In the meantime, what is dragging you down? I don't mean you to answer me, because I am the same exact way. I mean you to think about it for yourself. I have a tendency of dealing with stress by editing out things I need to do. The problem comes with being an adult, and those things you need to do never go away nor can they be easily edited. The stuff that needs getting done will be back to needing to get done again even if you do it. It's endless. Is there anything *outside* of this pile of stuff that is dragging you down? Get rid of it. Dead serious, get rid of it. Editing isn't as simple as when we were 20 and f**k that. We have obligations now,and to other human beings. We can't be so selfish, but sometimes we need to indulge in some selfishness again, even when it inconveniences others. This is survival we're talking about, or at least it is for me.

The flipside of not getting anything done is never truly stopping, either. I exist in a state of tension-- neither getting anything done, nor am I resting. So part of getting things done is learning to rest, without guilt even if things are left undone. You must do this. You must have some time to relax completely. I need to learn to compartmentalize my time. After years of kids interruptions, I have had to relearn this from scratch. Still working on it. No advice there. Unfortunately. But now a know, and I can do it some days kinda sorta but definitely better than before.

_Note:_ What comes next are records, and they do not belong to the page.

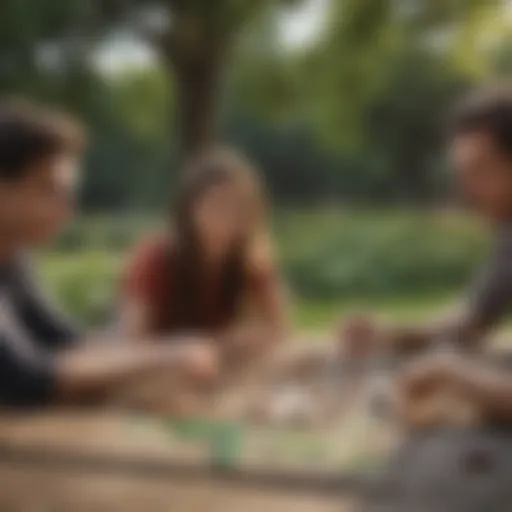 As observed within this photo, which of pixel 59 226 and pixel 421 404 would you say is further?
pixel 59 226

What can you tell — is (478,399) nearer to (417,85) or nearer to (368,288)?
(368,288)

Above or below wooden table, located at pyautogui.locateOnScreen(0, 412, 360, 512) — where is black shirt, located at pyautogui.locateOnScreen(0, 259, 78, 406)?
above

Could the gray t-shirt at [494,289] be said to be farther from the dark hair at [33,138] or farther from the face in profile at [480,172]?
the dark hair at [33,138]

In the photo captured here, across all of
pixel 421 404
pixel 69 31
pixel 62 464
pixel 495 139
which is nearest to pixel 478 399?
pixel 421 404

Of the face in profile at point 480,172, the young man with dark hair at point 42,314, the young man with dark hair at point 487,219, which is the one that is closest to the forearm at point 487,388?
the young man with dark hair at point 487,219

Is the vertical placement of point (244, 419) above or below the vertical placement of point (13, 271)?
below

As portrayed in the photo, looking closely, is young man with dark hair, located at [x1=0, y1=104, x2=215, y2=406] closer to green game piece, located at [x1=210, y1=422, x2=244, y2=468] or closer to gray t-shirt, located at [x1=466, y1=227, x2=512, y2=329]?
green game piece, located at [x1=210, y1=422, x2=244, y2=468]

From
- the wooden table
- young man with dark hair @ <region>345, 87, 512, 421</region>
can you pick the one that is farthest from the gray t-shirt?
the wooden table

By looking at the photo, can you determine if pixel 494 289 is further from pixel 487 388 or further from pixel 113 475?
pixel 113 475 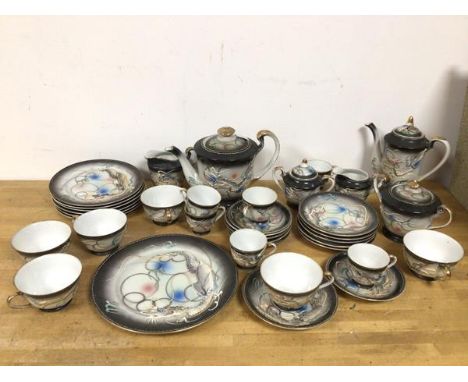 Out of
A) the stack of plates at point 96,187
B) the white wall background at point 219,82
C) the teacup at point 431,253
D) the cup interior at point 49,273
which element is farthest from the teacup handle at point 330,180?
the cup interior at point 49,273

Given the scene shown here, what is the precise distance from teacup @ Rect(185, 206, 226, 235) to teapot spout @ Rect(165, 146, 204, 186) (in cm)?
11

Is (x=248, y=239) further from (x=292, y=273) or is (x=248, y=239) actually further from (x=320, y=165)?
(x=320, y=165)

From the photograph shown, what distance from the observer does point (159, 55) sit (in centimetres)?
109

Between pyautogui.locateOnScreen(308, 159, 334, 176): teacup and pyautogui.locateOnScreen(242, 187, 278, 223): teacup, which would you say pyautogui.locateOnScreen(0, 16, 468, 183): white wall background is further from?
pyautogui.locateOnScreen(242, 187, 278, 223): teacup

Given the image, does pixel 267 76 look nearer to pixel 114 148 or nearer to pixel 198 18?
pixel 198 18

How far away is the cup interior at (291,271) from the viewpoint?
843 millimetres

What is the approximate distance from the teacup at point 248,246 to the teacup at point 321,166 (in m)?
0.32

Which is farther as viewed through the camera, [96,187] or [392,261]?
[96,187]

Can you snuggle with the kiddos and not get anything done? At least if nothing gets done, you can say that the time doing nothing was well-spent. Eat some ice cream (and don't do the dishes) watch some TV or read books in tandem. Lie down together and look at the clouds. Screw everything else.

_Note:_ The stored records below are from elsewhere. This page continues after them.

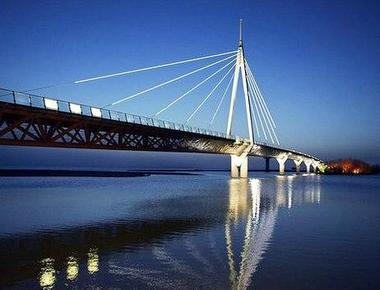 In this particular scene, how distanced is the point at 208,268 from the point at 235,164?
9257 cm

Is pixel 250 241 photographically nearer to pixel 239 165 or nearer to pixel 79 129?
pixel 79 129

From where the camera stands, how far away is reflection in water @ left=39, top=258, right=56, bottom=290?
41.1ft

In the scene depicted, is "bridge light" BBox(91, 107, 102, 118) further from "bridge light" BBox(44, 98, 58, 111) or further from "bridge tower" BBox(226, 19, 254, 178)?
"bridge tower" BBox(226, 19, 254, 178)

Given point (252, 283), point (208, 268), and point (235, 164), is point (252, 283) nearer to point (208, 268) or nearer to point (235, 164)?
point (208, 268)

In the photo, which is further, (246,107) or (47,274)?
(246,107)

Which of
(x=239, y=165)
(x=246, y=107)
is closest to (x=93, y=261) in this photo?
(x=246, y=107)

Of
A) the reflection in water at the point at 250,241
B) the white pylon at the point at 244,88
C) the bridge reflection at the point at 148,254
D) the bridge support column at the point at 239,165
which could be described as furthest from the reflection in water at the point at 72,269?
the bridge support column at the point at 239,165

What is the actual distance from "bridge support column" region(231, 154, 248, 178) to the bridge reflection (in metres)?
77.8

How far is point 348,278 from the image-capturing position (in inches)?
544

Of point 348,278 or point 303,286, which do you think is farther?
point 348,278

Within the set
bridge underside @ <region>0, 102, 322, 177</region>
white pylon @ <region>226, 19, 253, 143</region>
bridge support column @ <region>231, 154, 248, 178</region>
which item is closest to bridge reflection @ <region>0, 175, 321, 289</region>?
bridge underside @ <region>0, 102, 322, 177</region>

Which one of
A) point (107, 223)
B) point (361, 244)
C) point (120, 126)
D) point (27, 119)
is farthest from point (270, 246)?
point (120, 126)

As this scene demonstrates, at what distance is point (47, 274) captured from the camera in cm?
1369

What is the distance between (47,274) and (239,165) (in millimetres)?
94253
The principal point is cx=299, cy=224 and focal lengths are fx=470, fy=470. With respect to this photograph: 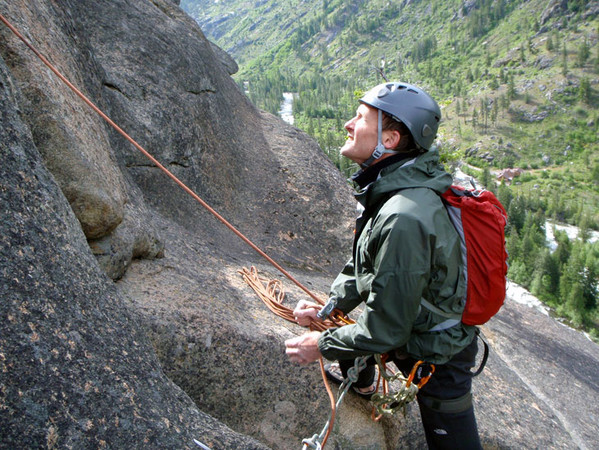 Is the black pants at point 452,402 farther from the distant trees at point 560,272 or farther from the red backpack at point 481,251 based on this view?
the distant trees at point 560,272

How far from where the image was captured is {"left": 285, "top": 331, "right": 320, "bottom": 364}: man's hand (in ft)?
12.1

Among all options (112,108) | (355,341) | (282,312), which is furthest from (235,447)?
(112,108)

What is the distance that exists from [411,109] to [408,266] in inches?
50.9

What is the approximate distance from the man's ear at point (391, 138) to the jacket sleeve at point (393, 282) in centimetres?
76

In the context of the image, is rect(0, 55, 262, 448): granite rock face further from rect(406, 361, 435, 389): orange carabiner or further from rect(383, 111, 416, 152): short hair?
rect(383, 111, 416, 152): short hair

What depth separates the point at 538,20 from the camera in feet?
604

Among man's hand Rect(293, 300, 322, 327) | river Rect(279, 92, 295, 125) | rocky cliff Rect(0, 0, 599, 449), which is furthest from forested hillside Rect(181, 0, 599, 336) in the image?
man's hand Rect(293, 300, 322, 327)

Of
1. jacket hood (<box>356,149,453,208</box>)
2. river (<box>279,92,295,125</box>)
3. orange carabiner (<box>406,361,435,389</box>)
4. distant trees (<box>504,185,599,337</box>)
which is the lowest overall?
distant trees (<box>504,185,599,337</box>)

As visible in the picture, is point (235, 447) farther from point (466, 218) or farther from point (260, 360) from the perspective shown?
point (466, 218)

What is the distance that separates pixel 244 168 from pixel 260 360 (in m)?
7.86

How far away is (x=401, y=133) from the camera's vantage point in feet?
12.0

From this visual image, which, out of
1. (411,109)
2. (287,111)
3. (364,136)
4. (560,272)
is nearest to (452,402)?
(364,136)

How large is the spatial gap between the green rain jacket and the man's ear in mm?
184

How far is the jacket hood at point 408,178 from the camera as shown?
11.0ft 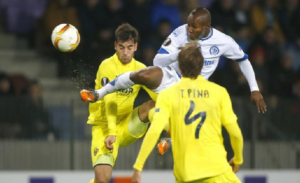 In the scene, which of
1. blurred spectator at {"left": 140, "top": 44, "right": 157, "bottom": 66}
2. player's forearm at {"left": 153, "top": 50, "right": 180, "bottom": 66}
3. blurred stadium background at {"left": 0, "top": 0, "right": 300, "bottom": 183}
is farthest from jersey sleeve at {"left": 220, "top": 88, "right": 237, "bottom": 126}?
blurred spectator at {"left": 140, "top": 44, "right": 157, "bottom": 66}

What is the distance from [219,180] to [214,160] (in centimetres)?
17

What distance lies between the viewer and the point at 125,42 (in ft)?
27.6

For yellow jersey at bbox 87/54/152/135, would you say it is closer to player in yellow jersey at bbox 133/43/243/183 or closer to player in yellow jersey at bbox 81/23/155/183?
player in yellow jersey at bbox 81/23/155/183

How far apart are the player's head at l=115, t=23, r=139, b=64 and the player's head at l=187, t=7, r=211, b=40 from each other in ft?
2.19

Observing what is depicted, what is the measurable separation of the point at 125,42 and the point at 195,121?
2255mm

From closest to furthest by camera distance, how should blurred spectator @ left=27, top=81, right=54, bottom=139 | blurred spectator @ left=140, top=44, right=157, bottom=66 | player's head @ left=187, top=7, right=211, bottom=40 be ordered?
player's head @ left=187, top=7, right=211, bottom=40 < blurred spectator @ left=27, top=81, right=54, bottom=139 < blurred spectator @ left=140, top=44, right=157, bottom=66

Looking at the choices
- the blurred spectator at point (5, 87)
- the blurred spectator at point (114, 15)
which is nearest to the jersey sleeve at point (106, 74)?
the blurred spectator at point (5, 87)

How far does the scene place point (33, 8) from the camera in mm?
13750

It's OK for life to be messy. Get the stuff done that needs to get done. Is it causing anyone else stress, excepting you? Focus on other things. Change your paradigm. It's OK for life to get messy.

Things that need to get done? Put on some loud music and get the deadline stuff done first, next the stuff that clogs up the household gears, so to speak, including the things that are looked for and lost, and then done. You don't need to finish. You will never finish. I like the 6-item list. You have to know when to stop, and I think that's a good reason why we might never want to start.

Stop judging yourself about feeling paralyzed the more stuff piles on. Because why? Part of what is creating so much weight is that judgment of how and what you *should* be. You must let go of this. Then you let go again. And again. And again, because it keeps happening and you keep letting go of it. Stop thinking (if you are) that this will go away once you learn a few tricks. It won't. But if you stop judging yourself for being like this, it will help *immensely*.

Ask for help. Even if it feels out of balance. We tend to look at fairness externally-- she does XYZ, he does ABC-- but the reality is that some intangible things count as "doing"-- being ever-present for kids. Women especially tend to be worse at compartmentalizing their roles-- we carry the weight of our responsibilities through the day (see above). It is perfectly fair to say, "This feel like this much weight to me, even though on the surface it looks like less. I need you to take on more for me, at least for a while." It took one really bad day of malaise and irritation for my husband to empathize with what I experience day in, day out, all night and 24/7. He has stepped up, and without complaint.

Good luck. Hope my rambling helps. It was a good pep talk for myself, writing this out, because this is one of my biggest battles. Every day it is a battle, but I am infinitesimally better than a few months ago. You can't tell from the look of my house, but if you were inside me, you can tell. My good days are better days; my bad days are slightly less awful.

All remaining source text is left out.